* **SUPPLIED ENTRIES**
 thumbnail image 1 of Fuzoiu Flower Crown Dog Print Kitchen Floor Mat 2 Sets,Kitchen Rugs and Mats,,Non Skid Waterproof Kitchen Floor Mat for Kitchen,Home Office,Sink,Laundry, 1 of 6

---

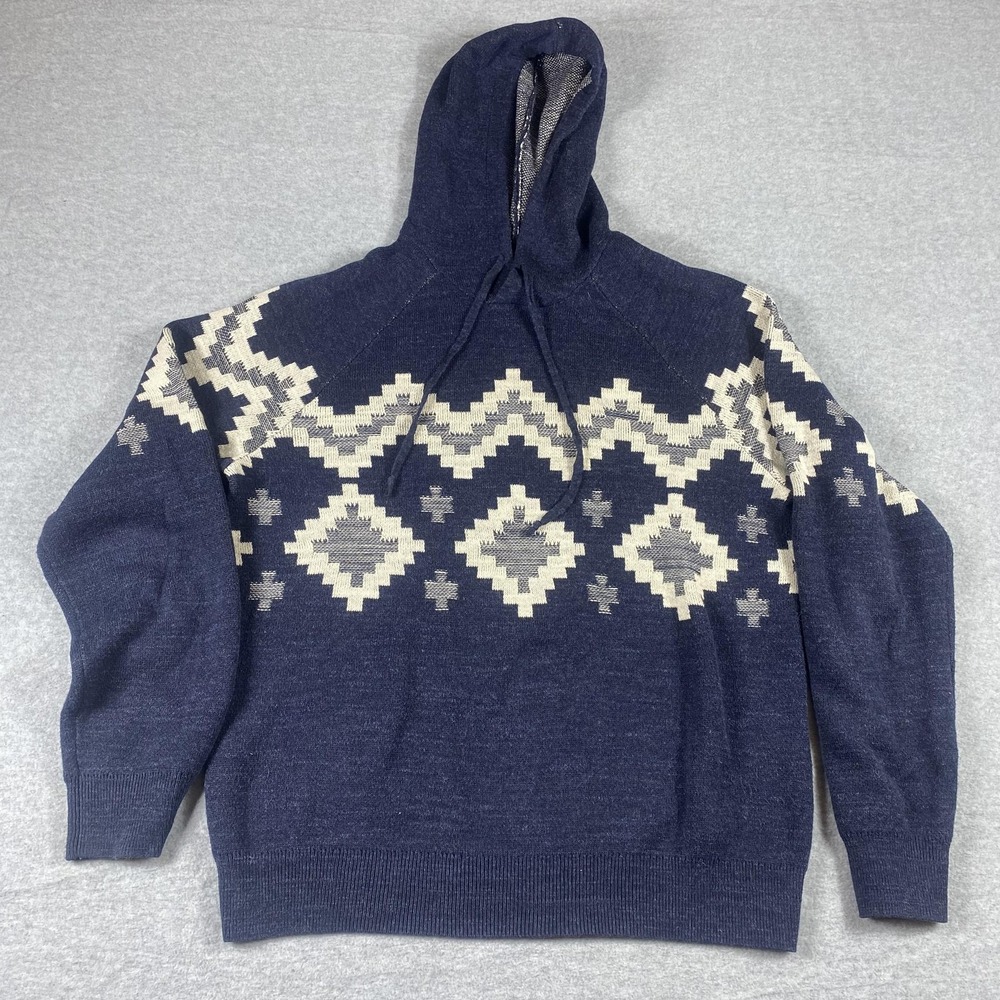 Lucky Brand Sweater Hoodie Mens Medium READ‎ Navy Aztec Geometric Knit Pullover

--

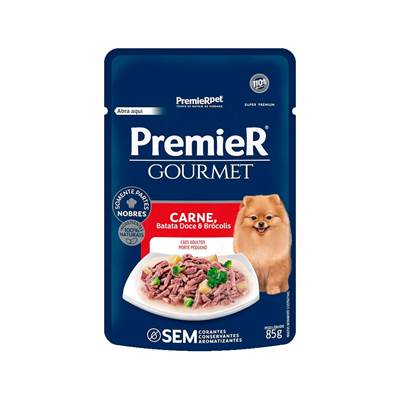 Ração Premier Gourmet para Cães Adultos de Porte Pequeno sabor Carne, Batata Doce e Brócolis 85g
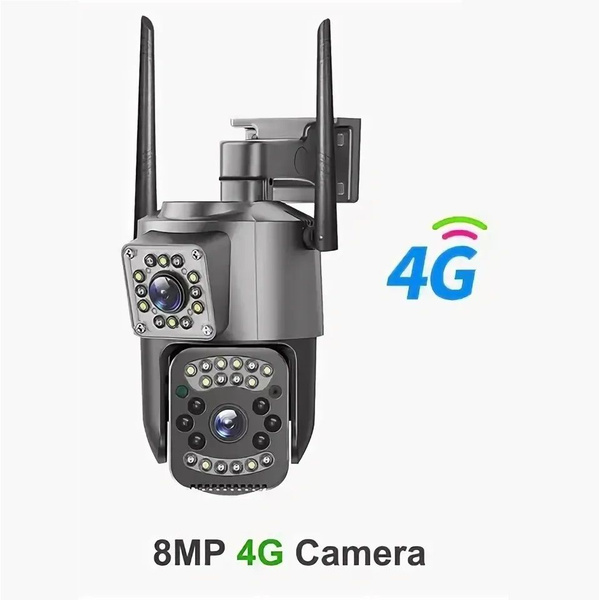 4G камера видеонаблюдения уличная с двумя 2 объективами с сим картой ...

* **ABOUT THIS TASK**
Above are records; repeat only the lines from the line with "Ração Premier Gourmet" through the line with "4G камера видеонаблюдения", and leave pictures out.

* **SOLUTION**
 Ração Premier Gourmet para Cães Adultos de Porte Pequeno sabor Carne, Batata Doce e Brócolis 85g
 4G камера видеонаблюдения уличная с двумя 2 объективами с сим картой ...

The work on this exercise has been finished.